Tutorial: How to create a secure workspace by using template

Templates provide a convenient way to create reproducible service deployments. The template defines what will be created, with some information provided by you when you use the template. For example, specifying a unique name for the Azure Machine Learning workspace.

In this tutorial, you learn how to use a Microsoft Bicep and Hashicorp Terraform template to create the following Azure resources:

  • Azure Virtual Network. The following resources are secured behind this VNet:
    • Azure Machine Learning workspace
      • Azure Machine Learning compute instance
      • Azure Machine Learning compute cluster
    • Azure Storage Account
    • Azure Key Vault
    • Azure Application Insights
    • Azure Container Registry
    • Azure Bastion host
    • Azure Machine Learning Virtual Machine (Data Science Virtual Machine)
    • The Bicep template also creates an Azure Kubernetes Service cluster, and a separate resource group for it.

Tip

Microsoft recommends using Azure Machine Learning managed virtual networks instead of the steps in this article. With a managed virtual network, Azure Machine Learning handles the job of network isolation for your workspace and managed computes. You can also add private endpoints for resources needed by the workspace, such as Azure Storage Account. For more information, see Workspace managed network isolation.

Prerequisites

Before using the steps in this article, you must have an Azure subscription. If you don't have an Azure subscription, create a free account.

You must also have either a Bash or Azure PowerShell command line.

Tip

When reading this article, use the tabs in each section to select whether to view information on using Bicep or Terraform templates.

  1. To install the command-line tools, see Set up Bicep development and deployment environments.

  2. The Bicep template used in this article is located at https://github.com/Azure/azure-quickstart-templates/blob/master/quickstarts/microsoft.machinelearningservices/machine-learning-end-to-end-secure. Use the following commands to clone the GitHub repo to your development environment:

    Tip

    If you do not have the git command on your development environment, you can install it from https://git-scm.com/.

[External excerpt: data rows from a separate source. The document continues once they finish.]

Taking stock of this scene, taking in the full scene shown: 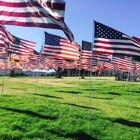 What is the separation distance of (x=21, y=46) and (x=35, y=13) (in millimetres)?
11572

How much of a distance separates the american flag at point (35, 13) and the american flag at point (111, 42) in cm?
189

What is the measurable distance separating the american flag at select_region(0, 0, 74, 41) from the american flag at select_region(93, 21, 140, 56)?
1895 mm

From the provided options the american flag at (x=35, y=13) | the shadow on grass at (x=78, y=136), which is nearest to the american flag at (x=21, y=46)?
the american flag at (x=35, y=13)

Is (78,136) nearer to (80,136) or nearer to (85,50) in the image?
(80,136)

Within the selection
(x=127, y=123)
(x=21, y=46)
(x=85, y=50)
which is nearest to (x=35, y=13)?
(x=127, y=123)

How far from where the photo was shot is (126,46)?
1086 centimetres

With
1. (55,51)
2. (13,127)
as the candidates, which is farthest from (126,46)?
(55,51)

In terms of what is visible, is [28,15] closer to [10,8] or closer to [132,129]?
[10,8]

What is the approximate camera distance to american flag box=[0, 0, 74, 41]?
854 centimetres

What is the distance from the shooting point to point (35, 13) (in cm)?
881

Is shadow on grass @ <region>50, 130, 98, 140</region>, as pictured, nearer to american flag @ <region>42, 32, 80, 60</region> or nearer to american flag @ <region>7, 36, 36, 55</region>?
american flag @ <region>42, 32, 80, 60</region>

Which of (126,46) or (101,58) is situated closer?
(126,46)

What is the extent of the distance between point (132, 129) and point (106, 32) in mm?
3991

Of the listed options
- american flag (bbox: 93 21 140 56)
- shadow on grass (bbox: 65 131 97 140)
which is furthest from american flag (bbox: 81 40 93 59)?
shadow on grass (bbox: 65 131 97 140) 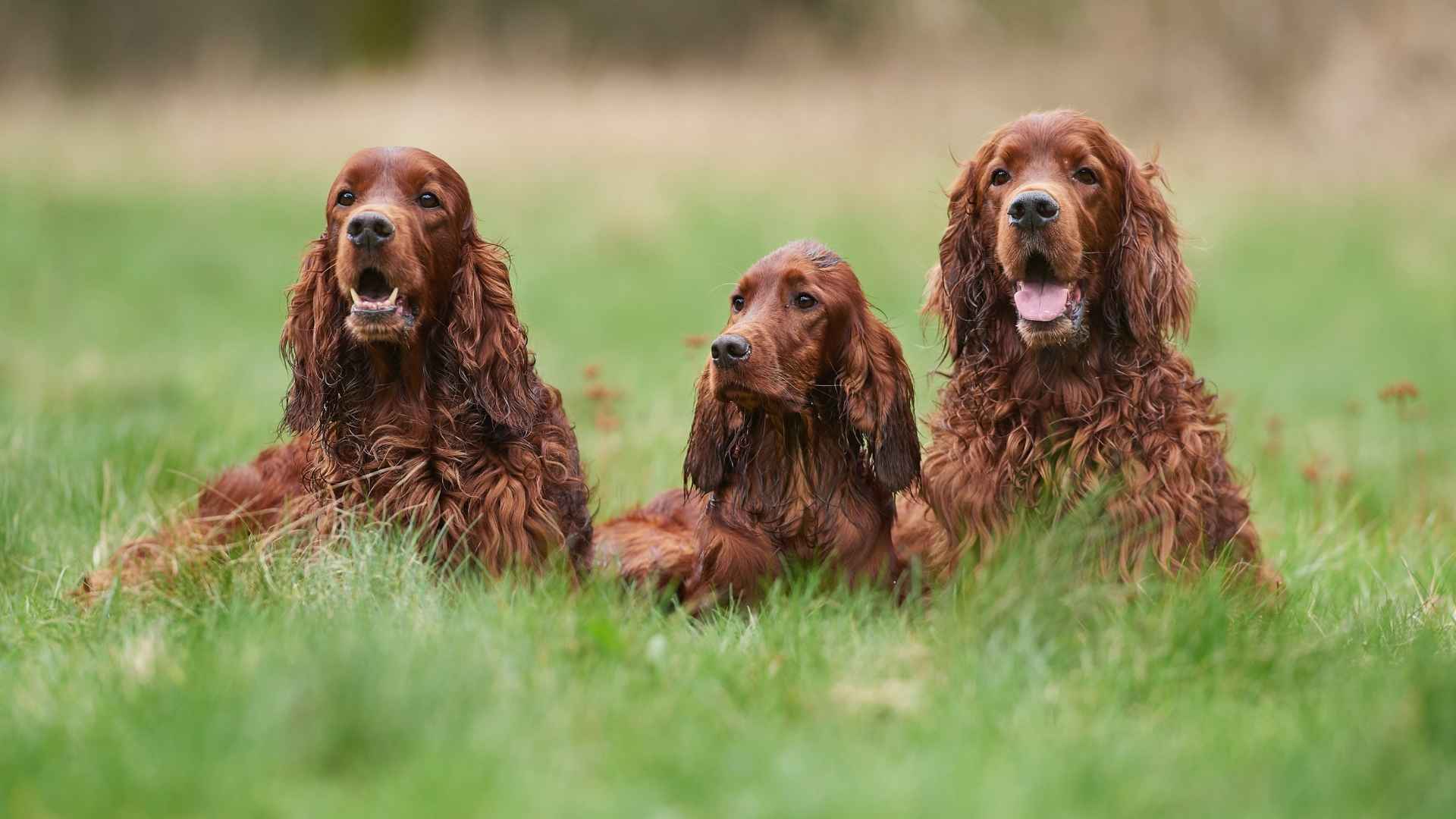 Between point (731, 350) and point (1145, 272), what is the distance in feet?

    git clone https://github.com/Azure/azure-quickstart-templates
    cd azure-quickstart-templates/quickstarts/microsoft.machinelearningservices/machine-learning-end-to-end-secure
    

Understanding the template

The Bicep template is made up of the main.bicep and the .bicep files in the modules subdirectory. The following table describes what each file is responsible for:

File Description
main.bicep Parameters and variables. Passing parameters & variables to other modules in the modules subdirectory.
vnet.bicep Defines the Azure Virtual Network and subnets.
nsg.bicep Defines the network security group rules for the VNet.
bastion.bicep Defines the Azure Bastion host and subnet. Azure Bastion allows you to easily access a VM inside the VNet using your web browser.
dsvmjumpbox.bicep Defines the Data Science Virtual Machine (DSVM). Azure Bastion is used to access this VM through your web browser.
storage.bicep Defines the Azure Storage account used by the workspace for default storage.
keyvault.bicep Defines the Azure Key Vault used by the workspace.
containerregistry.bicep Defines the Azure Container Registry used by the workspace.
applicationinsights.bicep Defines the Azure Application Insights instance used by the workspace.
machinelearningnetworking.bicep Defines the private endpoints and DNS zones for the Azure Machine Learning workspace.
Machinelearning.bicep Defines the Azure Machine Learning workspace.
machinelearningcompute.bicep Defines an Azure Machine Learning compute cluster and compute instance.
privateaks.bicep Defines an Azure Kubernetes Services cluster instance.

Important

The example templates may not always use the latest API version for Azure Machine Learning. Before using the template, we recommend modifying it to use the latest API versions. For information on the latest API versions for Azure Machine Learning, see the Azure Machine Learning REST API.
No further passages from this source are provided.